____ Data provided

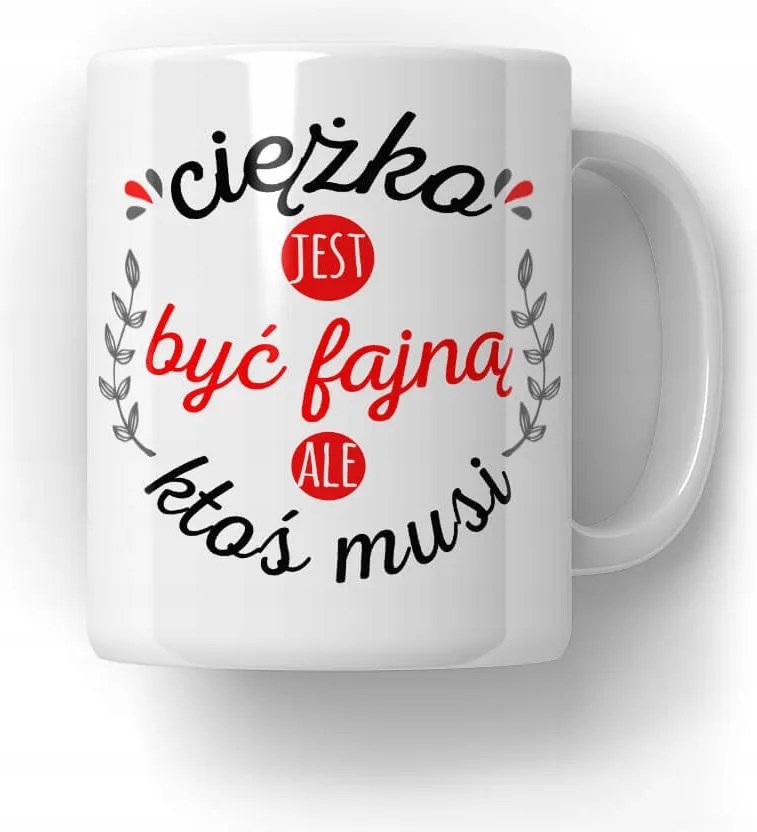 Bögre Nehéz jó fejnek lenni Vicces Ajándék 18-99 Ajándék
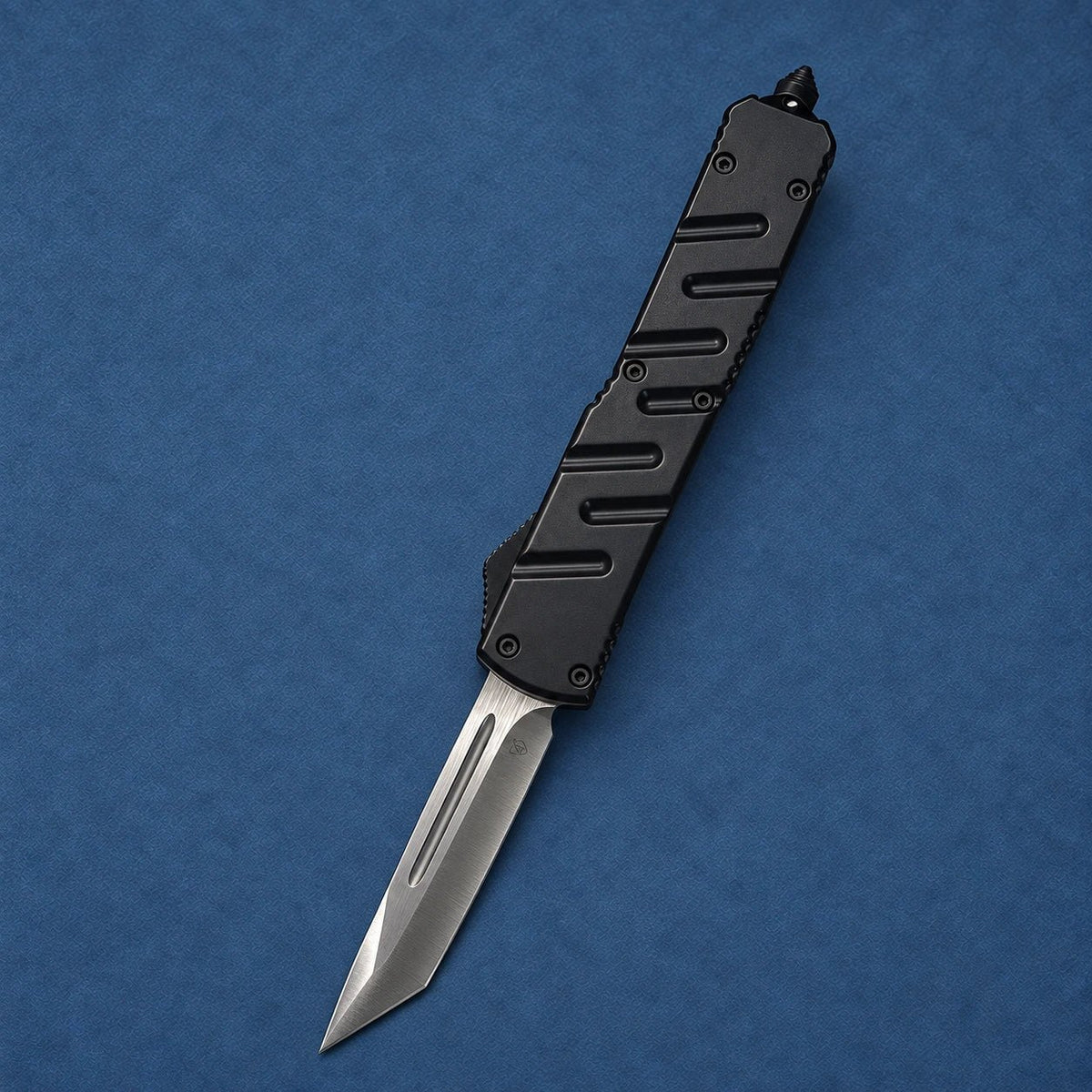 Venom USA Hex Force OTF Automatic Knife – Black Satin Tanto 3.25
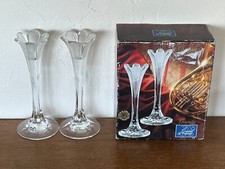 RARE coffret 2 chandeliers en cristal d'arques modèle GRANVILLE / TBE / No verre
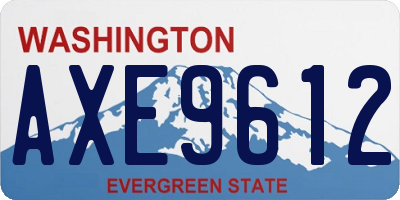 WA license plate AXE9612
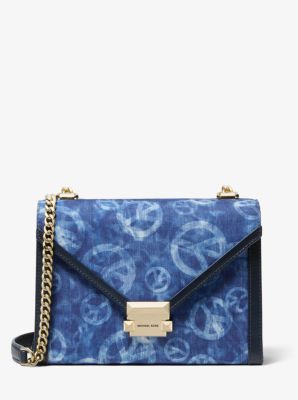 michael kors blue shoulder bag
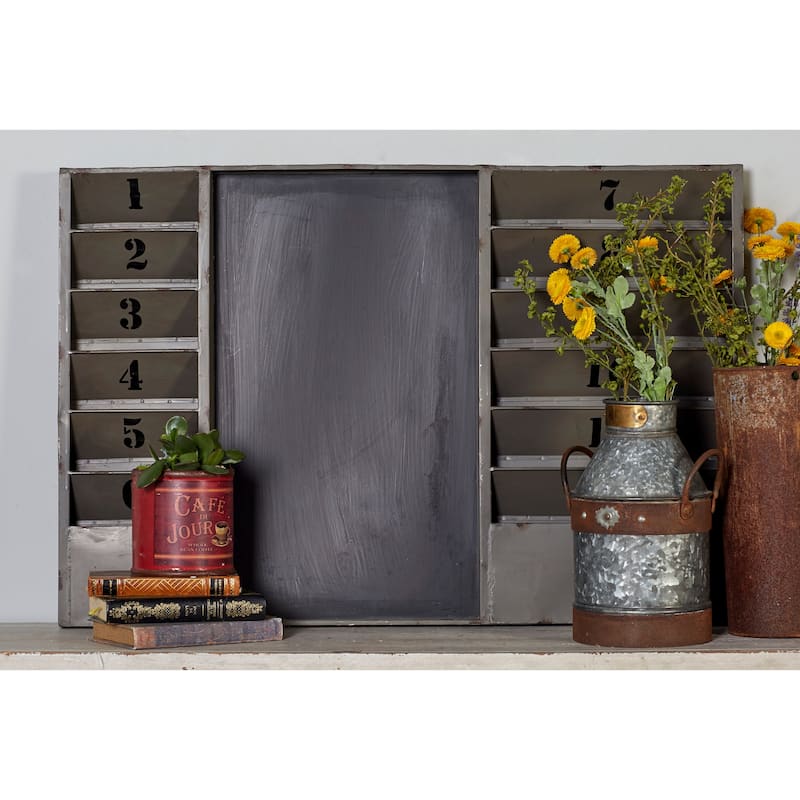 Industrial 24 x 36 Inch 12-pocket Metal Message Board by Studio 350
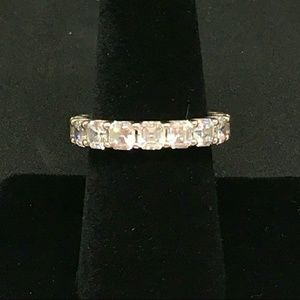 Asscher Cut Eternity Band-Sz 7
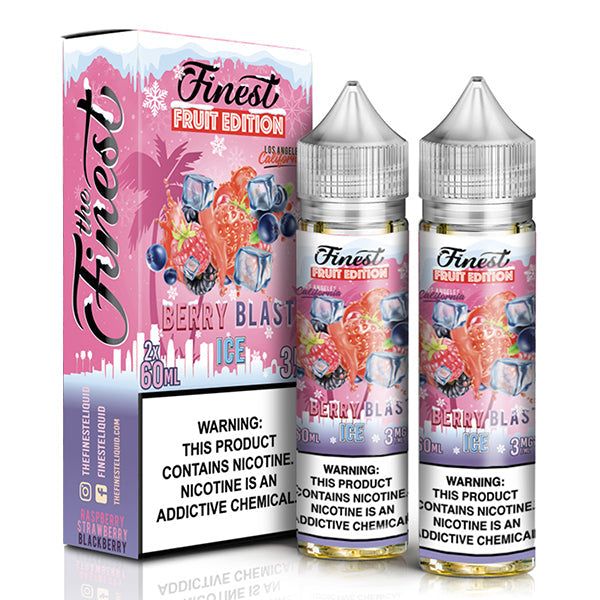 Berry Blast on ICE by Finest Fruit 120mL (Freebase) 60mL 2-Pack  with Packaging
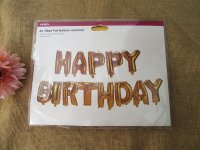 1Pack Air-Filled Foil Balloon Garland HAPPY BIRTHDAY Party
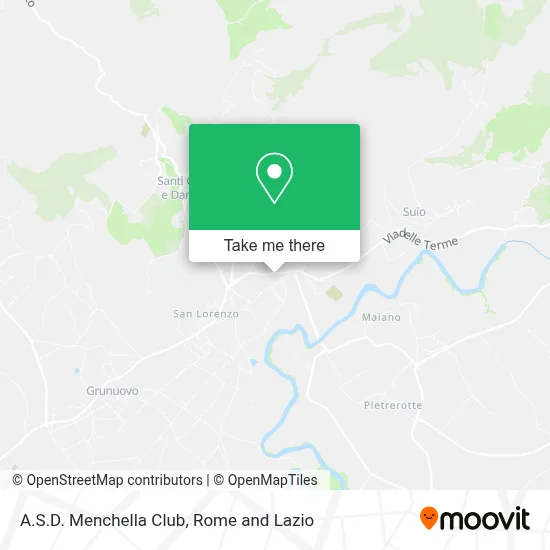 A.S.D. Menchella Club map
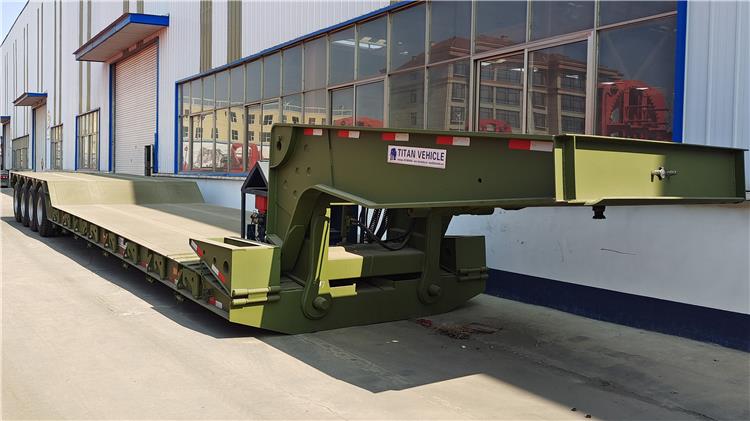 4 Axle 120 Ton Removable Gooseneck Trailer for Sale In Zambia Chingola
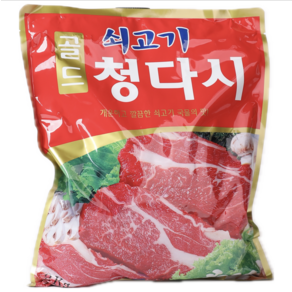 한정성 업소용 대용량 가성비 조미료 청다시 골드, 2kg, 1개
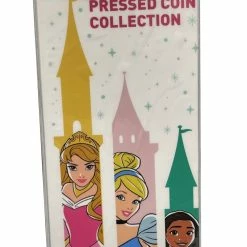Disney Pressed Coin Book - Princesses With Castle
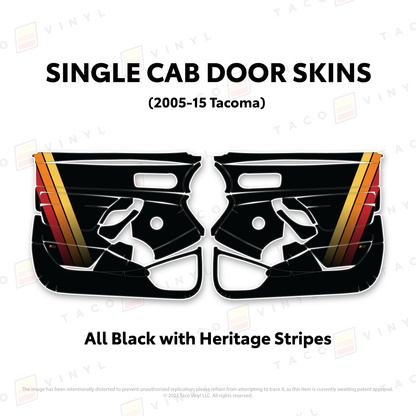 2005-15 Tacoma Single Cab Door Skins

________

Task details: The expected output is exactly the lines from the one containing "Asscher Cut Eternity Band-Sz 7" through the last line of the listing, both included, with every picture left out.

The answer:
 Asscher Cut Eternity Band-Sz 7
 Berry Blast on ICE by Finest Fruit 120mL (Freebase) 60mL 2-Pack  with Packaging
 1Pack Air-Filled Foil Balloon Garland HAPPY BIRTHDAY Party
 A.S.D. Menchella Club map
 4 Axle 120 Ton Removable Gooseneck Trailer for Sale In Zambia Chingola
 한정성 업소용 대용량 가성비 조미료 청다시 골드, 2kg, 1개
Disney Pressed Coin Book - Princesses With Castle
 2005-15 Tacoma Single Cab Door Skins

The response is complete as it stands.